Everton need to get back to winning ways on Saturday when they travel to struggling Burnley.
After last weekend’s defeat to Leeds, the Blues have lost four of their last five games, and face Chelsea, Leicester, Arsenal and Manchester United in succession after this trip to the Clarets.
Burnley were thrashed 5-0 at Manchester City last weekend and sit 19th in the table, with just one win and five points from their first nine games.
Sean Dyche’s men are also the joint-lowest scorers in the league, with only four goals this term.
Prior to Saturday’s game, we spoke to sports journalist and Clarets supporter Jonny Bentley:
RBM: Firstly, how surprised have you been by Burnley’s start to the season?
Jonny: A little. The form at the end of 2019-20 was excellent. Everything was good. Unfortunately, that momentum disappeared with the break between the two seasons and it just hasn’t been the same.
That is partly down to the break, partly down to a pile-up of injuries and partly down to a lack of investment in the transfer window.
RBM: With just four goals from nine league games, is Burnley’s main problem not creating chances, or not taking them?
Jonny: A bit of both.
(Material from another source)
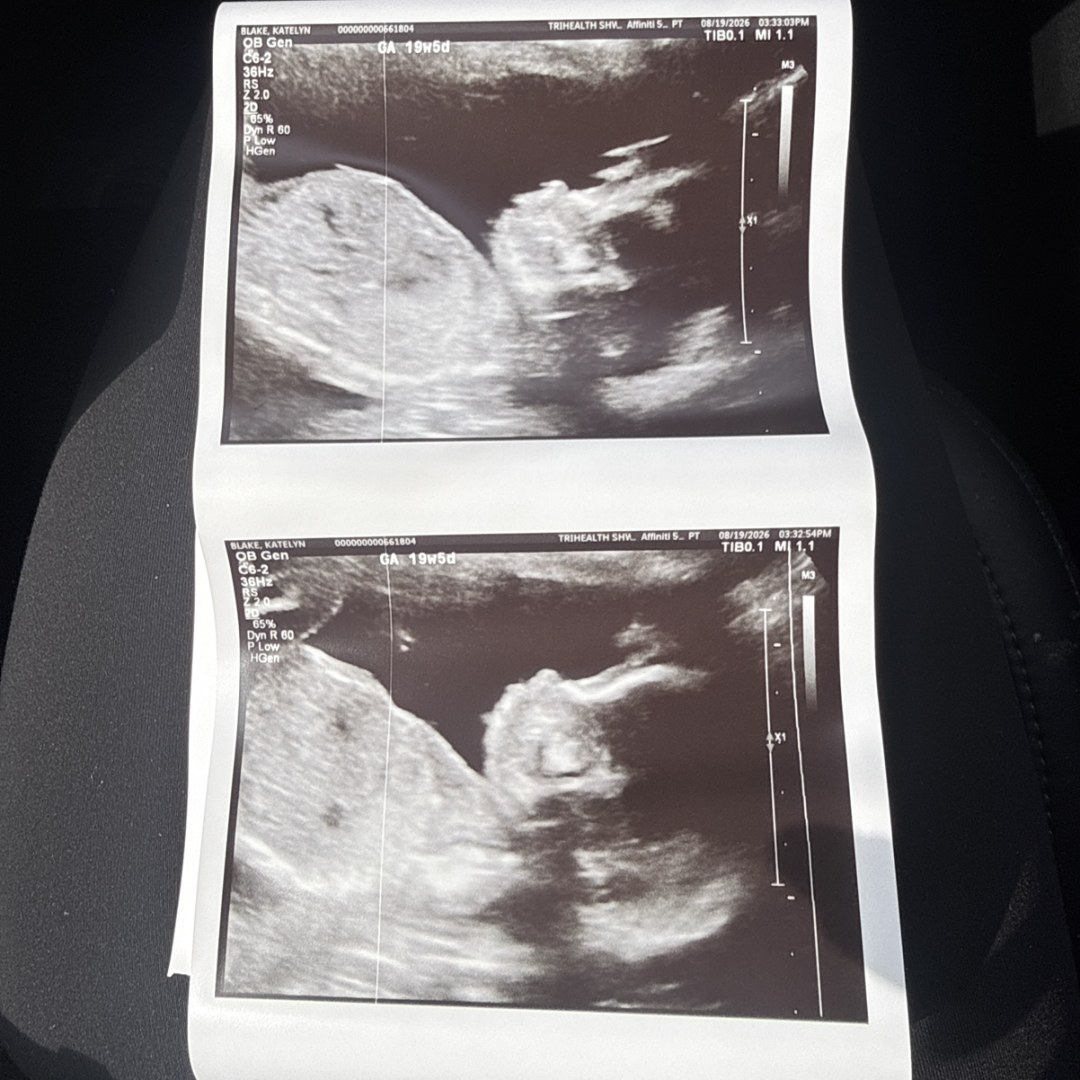 Photo shared by Katelyn for their Babylist baby registry.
I noted that there was a lack of conviction in creating chances. Burnley won the ball in high areas against Brighton [0-0] and Tottenham [0-1] but they were unable to create good chances from those moments.
Players looked scared to play a killer pass or make a penetrative run. It was a fear of missing a chance or giving possession away.
RBM: Though they kept all of their key players, Dale Stephens was Burnley’s only notable summer signing, costing £1 million from Brighton. Has the financial toll of the COVID-19 pandemic hit them particularly hard, or is lack of investment catching up with them?
Jonny: The lack of investment seems to be related to a potential takeover deal. [Chairman] Mike Garlick would have wanted the club to look as financially healthy as it could possibly be, hence he invested virtually nothing over the summer. He is pushing for a takeover because the club are outgrowing him.
Garlick took charge of a mid-table Championship club and worked hard to balance the books when Burnley were in a poor financial condition. The chairman, worth £62 million, cannot transition with the club because he is not wealthy enough; they have moved very quickly in such a short space of time.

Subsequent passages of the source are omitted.